Kade: Oh, that's clever. I didn't know that, about the health functions of the bitters.

Kat: Yeah! They're really good for you. I think that people stay away from bitters in their home kitchen a lot, other than coffee and chocolate and maybe hops. Those are common bitters flavors we have in our kitchen. But I think Americans especially are kind of intimidated by mixing bitters, so we've just gone ahead and done that mixing so people don't have to worry about getting that perfect ratio so it still tastes good.

Elliot: We were brainstorming a little bit before this call. I think bitters are a pretty unfamiliar flavor in American diets. It reminds me of when umami was a big thing a bunch of years ago, when we all discovered, "Oh my gosh, there's a fifth flavor!" I was like, yeah, bitters are the new umami. I think we're used to them being in very specific contexts. You know, if you mix cocktails, if you're knowledgeable about mixed beverages, you know about using bitters to enhance the alcohol. But it's kind of like, yeah, chocolate and coffee are the only contexts we're really familiar with them enhancing a flavor.

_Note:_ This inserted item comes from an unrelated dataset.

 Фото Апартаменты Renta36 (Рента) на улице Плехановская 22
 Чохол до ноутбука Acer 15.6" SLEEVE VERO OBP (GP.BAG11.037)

I think we often try to cover up bitter with sweetness in our chocolates and coffee. Our flavor-mixing in our shrub mixers--we use the bitter to balance out the other flavors, and it's also a traditional digestive aid. I think there's, like, a spring tonic aspect of this that we could talk about a little bit. You know, the early spring greens like dandelions are something bitter that kind of helps wake your body up after the winter. There's a lot of seasonal and regional influences in how we put these flavors together.

Kat: Yeah, there are.

Kade: I think that makes a lot of sense, and I think that fits well for here in the South, where we think of bitter greens as a big part of our cultural diet and culinary history.

Kat: I love that parallel. I think folks in the South in more rural areas still do things like harvest and eat dandelion greens, and these things are still traditional in various parts of Europe, too, because--especially, like, dandelions, they're found all over the globe. They're naturalized everywhere at this point. We have both dandelion greens and roots in several of our signature flavors. I think Blueberry Lemon-Lavender Shrub Bitters has maybe the most dandelion of any--that's the main bitters in that one, besides the lemon peel, which is also a great bitters. We just love incorporating local, abundant things in our bitters where possible. We're really hoping to move over to sourcing more and more from local farmers, maybe even other farmers through Patchwork, over the next couple of growing seasons as we expand.

Kade: Oh, that's really cool. You know I love to hear that.

Kat: Yeah. We'll definitely be reaching out to folks.